Data enhancement can increase the samples of the training set, effectively relieve the overfitting condition of the neural network, and can bring stronger generalization capability to the model. However, as the size of the data set is enlarged, new problems are introduced, such as uncertainty in the generated data set, containing many noisy data, and possibly degrading the performance of the model. Therefore, data enhancement techniques need to introduce a data set screening and judgment mechanism to obtain more effective data sets.
Disclosure of Invention
The data set is expanded by using a data enhancement technology and usually comprises noisy data, so that a data set screening mechanism needs to be introduced, an effective data set is obtained quickly, and a neural network can be trained better by using the enhanced effective data, so that the accuracy of a pre-training model is improved.
In order to achieve the purpose, the coverage rate characteristic and a data enhancement mechanism are organically combined, effective data are screened out by using the coverage rate index after the data enhancement is carried out on the training data set, and the accuracy rate of the pre-training model is improved.
The coverage rate of the neural network is mainly used for evaluating the performance of the neural network, and on the premise of certain accuracy rate, the higher the coverage rate of the model is, the more fully the neural network is verified.
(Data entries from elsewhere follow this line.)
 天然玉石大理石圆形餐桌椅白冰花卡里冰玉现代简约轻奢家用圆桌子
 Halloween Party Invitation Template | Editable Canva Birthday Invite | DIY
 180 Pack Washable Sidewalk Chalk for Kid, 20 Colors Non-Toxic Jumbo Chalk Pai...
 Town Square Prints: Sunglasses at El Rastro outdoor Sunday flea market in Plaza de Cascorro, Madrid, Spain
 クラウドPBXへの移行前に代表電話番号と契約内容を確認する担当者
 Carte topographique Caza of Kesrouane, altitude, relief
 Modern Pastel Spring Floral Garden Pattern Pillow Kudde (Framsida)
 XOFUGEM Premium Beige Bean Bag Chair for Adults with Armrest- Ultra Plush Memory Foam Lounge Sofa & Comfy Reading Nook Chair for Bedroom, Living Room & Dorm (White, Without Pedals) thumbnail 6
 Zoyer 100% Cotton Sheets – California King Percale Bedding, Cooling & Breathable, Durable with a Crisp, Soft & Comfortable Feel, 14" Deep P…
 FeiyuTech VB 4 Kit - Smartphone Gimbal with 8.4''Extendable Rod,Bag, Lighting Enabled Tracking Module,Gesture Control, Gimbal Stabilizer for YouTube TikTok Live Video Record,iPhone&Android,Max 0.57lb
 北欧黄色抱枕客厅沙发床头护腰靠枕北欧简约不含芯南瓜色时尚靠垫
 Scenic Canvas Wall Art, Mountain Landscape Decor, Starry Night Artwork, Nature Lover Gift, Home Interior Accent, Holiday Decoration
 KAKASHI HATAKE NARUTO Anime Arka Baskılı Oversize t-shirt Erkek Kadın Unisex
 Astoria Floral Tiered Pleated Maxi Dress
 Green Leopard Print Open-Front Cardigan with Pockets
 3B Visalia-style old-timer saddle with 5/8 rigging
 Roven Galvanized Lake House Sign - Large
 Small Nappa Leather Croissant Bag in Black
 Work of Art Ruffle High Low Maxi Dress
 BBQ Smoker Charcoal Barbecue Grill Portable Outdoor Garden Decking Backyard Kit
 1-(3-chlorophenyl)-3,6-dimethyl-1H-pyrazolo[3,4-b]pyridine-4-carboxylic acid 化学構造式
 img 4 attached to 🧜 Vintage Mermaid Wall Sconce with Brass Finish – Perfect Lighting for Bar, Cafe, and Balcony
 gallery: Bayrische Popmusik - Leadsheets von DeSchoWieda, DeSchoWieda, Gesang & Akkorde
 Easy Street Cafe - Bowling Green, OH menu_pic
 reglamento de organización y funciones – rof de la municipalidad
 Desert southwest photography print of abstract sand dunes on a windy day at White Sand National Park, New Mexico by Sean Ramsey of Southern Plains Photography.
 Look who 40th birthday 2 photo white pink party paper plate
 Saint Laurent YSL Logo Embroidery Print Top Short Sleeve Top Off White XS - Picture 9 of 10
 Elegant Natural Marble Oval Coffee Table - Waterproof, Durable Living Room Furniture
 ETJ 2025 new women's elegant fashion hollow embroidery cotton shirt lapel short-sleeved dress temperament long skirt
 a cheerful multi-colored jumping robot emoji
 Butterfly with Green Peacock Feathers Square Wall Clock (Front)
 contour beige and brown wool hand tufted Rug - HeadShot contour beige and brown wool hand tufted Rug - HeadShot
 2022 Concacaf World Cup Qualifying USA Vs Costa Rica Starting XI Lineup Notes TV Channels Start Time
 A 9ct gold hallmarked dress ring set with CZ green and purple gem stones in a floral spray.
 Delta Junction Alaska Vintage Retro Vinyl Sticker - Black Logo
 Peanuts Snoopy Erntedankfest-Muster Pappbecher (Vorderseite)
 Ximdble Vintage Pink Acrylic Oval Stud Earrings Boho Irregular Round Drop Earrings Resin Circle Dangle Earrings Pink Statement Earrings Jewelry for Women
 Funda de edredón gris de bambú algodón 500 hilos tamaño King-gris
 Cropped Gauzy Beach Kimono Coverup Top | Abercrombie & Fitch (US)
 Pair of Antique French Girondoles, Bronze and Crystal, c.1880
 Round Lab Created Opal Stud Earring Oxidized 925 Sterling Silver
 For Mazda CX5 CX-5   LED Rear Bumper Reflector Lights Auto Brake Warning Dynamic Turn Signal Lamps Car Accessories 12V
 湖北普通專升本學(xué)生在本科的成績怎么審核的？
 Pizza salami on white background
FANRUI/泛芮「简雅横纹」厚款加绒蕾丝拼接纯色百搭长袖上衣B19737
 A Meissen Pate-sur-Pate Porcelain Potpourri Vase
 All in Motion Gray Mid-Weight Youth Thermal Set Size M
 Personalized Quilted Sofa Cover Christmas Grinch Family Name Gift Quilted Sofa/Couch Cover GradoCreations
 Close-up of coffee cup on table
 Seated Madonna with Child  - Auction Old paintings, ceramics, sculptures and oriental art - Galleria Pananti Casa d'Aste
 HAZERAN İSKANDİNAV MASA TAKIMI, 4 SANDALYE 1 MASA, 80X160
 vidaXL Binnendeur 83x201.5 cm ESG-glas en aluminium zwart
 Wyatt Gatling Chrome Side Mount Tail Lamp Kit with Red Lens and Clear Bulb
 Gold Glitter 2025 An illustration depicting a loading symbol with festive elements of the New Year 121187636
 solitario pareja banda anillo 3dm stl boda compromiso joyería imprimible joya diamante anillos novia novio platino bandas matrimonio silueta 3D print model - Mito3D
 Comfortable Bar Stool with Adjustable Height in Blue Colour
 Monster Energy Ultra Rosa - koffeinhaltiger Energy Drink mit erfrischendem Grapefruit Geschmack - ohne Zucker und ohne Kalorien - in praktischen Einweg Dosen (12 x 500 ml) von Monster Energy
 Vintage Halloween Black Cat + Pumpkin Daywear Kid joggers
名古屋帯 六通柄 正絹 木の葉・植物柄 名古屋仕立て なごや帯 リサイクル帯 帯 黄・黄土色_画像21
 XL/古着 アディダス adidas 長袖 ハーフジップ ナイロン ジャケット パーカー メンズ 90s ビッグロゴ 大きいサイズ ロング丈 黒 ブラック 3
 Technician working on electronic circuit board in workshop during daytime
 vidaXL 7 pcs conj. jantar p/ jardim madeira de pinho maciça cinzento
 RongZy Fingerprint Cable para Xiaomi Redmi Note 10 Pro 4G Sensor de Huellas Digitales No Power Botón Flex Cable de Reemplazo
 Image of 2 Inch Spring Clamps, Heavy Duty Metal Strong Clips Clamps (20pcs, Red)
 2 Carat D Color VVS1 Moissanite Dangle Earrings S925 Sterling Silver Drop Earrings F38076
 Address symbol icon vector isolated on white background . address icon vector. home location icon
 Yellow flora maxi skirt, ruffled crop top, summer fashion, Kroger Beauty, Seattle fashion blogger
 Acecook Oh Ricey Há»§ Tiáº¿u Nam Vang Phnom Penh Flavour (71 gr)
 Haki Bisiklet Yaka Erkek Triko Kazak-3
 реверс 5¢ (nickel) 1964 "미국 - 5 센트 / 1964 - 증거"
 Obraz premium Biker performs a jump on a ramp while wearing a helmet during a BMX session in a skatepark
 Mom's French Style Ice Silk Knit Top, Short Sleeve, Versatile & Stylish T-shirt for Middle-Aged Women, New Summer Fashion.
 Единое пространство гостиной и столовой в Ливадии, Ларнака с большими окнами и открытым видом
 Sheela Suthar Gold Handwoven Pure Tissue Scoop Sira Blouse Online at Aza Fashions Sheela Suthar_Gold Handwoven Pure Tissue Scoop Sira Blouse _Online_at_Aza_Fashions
From the aspect of the data set, the coverage rate can see whether the nodes of the neural network are activated or not, and if the nodes are activated, the test is more sufficient; from the level of a single sample, the more neurons that are activated, the more features the sample contains, and the more complex the sample is, which is usually at the network classification boundary, and these data sets are very important for training neural networks. Therefore, the coverage rate characteristics and the data enhancement mechanism can be effectively combined to form the coverage rate-based neural network effective data enhancement method.
The coverage rate-based neural network effective data enhancement method of the invention has a flow as shown in fig. 1, and comprises the following steps:
step 1: selecting a training data set according to a neural network model to be trained; training parameters of the neural network model (referred to as neural network 1) using a training data set; wherein, the neural network 1 is a pre-trained neural network model;
and 2, step: expanding the training data set to obtain an expanded data set;
and 3, step 3: screening a plurality of coverage rate indexes, selecting the coverage rate index most relevant to the accuracy of the neural network model as a judgment basis, comparing the coverage rate of a training data set with the coverage rate of an expansion data set, and screening the coverage rate indexes to obtain an effective data set, namely taking the data set with high coverage rate as the effective data set; preferably, the coverage rate index of the text data comprises coverage rate of a hidden unit, coverage rate of a positive sequence and coverage rate of a negative sequence;
and 4, step 4: the pre-trained model is retrained using the active data set, resulting in the neural network 2.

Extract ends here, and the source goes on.